A tireoide é um órgão sensível à presença de determinados compostos tóxicos ou alergênicos, inclusive aqueles presentes na alimentação. Algumas doenças da tireoide podem ser autoimunes, ou seja, quando o organismo passa a atacar as células da própria tireoide. Muitas vezes, esta doença autoimune, chamada de Doença de Hashimoto, pode estar relacionada com o consumo do glúten em pacientes com hipersensibilidade ou alergia a esta fração proteica presentes em alimentos que contenham trigo, cevada, centeio e aveia. A tireoide também pode sofrer consequências com uma alimentação rica em produtos alimentícios, devido à presença de aditivos químicos e de toxinas de embalagens plásticas ou metálicas, que, em grande quantidade e de forma frequente na dieta, podem ser tóxicos a vários órgãos, inclusive à tireoide. A ingestão de agrotóxicos pela alimentação também é outro fator preocupante, pois são altamente tóxicos e podem prejudicar o funcionamento da tireoide, portanto, sempre que possível preferir alimentos orgânicos ou biodinâmicos. Uma alimentação deficiente nos minerais iodo e selênio, principalmente, também podem desequilibrar as funções da glândula, pois são essenciais para a adequada produção dos hormônios da tireoide. É importante que se tenha um equilíbrio no consumo de iodo, em quantidades adequadas para cada pessoa de acordo com suas necessidades e considerando o quanto de sal iodado este indivíduo consome diariamente, para que não ocorra problemas decorrentes da sua falta ou de seu excesso. Outra importante consideração é em relação a certos alimentos, como peixes de cativeiro ou de grande porte e alimentos enlatados, que são ricos em metais pesados, dentre os quais alumínio, cádmio, chumbo e mercúrio, que são altamente tóxicos ao organismo e por esta razão também desequilibram o funcionamento da tireoide e a formação de seus hormônios. De forma geral, uma alimentação deficiente em vegetais, frutas e alimentos integrais – que são fontes de vitaminas, minerais e compostos ativos antioxidantes – e rica em alimentos industrializados, agrotóxicos e metais pesados, constitui um dos perfis alimentares mais prejudiciais à saúde da tireoide, podendo aumentar o risco de doenças como o hipertireoidismo ou hipotireoidismo e até mesmo o câncer.

Para o bom funcionamento da tireoide e de seus hormônios, diversos nutrientes são necessários. Porém, a indicação da quantidade e frequência de consumo deve ser individual, por meio da prescrição de um nutricionista.

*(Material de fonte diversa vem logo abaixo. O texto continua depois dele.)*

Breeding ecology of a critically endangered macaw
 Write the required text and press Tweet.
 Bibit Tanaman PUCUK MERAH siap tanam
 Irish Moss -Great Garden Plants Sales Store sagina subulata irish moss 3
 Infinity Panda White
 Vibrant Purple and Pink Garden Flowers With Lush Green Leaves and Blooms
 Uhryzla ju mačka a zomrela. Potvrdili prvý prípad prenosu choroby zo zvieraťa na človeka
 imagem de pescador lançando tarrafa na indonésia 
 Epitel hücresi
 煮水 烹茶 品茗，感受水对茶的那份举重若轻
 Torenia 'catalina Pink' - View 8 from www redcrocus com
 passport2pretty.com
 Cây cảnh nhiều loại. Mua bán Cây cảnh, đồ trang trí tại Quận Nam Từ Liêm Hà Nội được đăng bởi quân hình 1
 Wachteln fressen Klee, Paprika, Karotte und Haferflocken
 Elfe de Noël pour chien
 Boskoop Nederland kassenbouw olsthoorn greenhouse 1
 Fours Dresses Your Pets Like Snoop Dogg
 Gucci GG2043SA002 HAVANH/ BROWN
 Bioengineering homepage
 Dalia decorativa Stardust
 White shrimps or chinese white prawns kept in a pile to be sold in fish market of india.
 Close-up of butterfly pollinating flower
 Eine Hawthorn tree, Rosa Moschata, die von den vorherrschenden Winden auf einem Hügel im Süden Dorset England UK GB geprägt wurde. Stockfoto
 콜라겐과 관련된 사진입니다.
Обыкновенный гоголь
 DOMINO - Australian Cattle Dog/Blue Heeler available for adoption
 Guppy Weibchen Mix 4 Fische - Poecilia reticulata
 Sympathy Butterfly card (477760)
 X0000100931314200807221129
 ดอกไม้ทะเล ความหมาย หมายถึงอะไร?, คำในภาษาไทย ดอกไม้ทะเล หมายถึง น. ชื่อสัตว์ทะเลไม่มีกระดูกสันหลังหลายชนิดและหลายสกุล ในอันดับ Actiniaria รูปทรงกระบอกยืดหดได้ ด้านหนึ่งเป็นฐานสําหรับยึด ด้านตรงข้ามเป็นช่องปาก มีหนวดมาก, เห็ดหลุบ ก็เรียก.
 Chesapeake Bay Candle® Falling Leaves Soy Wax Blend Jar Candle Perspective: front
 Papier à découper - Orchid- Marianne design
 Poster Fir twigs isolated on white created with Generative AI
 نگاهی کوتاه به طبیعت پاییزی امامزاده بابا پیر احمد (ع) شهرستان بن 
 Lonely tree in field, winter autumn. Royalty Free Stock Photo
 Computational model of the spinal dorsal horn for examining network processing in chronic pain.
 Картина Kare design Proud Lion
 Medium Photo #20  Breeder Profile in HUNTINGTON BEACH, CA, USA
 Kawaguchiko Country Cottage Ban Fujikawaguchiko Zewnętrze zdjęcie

Todos estes alimentos devem estar em equilíbrio dentro de uma alimentação e hábitos de vida saudáveis, pois um único alimento consumido em excesso e isoladamente não terá os efeitos desejados.

- Iodo: encontrado nas algas marinhas (Kombu, Wakame, Hijiki, kelp, Agar-agar, Chlorella, Spirulina, Lithotanium);

- Vitamina A: carnes e fontes de carotenoides (que formam a vitamina A), como vegetais verde-escuros, cenoura, abóbora, etc.;

- Zinco: presente em castanhas e cereais integrais;

- Selênio: oleaginosas, como castanha-do-Pará, avelã, macadâmia, amêndoas, castanha-de-caju;

- Ferro: castanhas, leguminosas, carnes e vegetais folhosos verde-escuros;

- Vitaminas B2 e B6: carnes, vegetais e alimentos integrais;

- Vitamina B12: carnes

- Ômega-3: peixes (preferir os de pequeno porte, como sadinha, pescada branca, filé de Saint Peter e merluza), linhaça, oleaginosas, algas marinhas.

Pacientes que já fazem o uso do hormônio podem seguir uma alimentação equilibrada e saudável de acordo com as suas necessidades individuais, considerando os alimentos mencionados anteriormente para auxiliar os medicamentos no reequilíbrio da glândula. Deve-se, ainda, reduzir o consumo de alimentos que sejam fontes de metais tóxicos, agrotóxicos e aditivos químicos. Mas as contraindicações são individuais, ou seja, deve-se respeitar a individualidade bioquímica de cada paciente e usar a nutrição funcional para orientá-lo da melhor forma.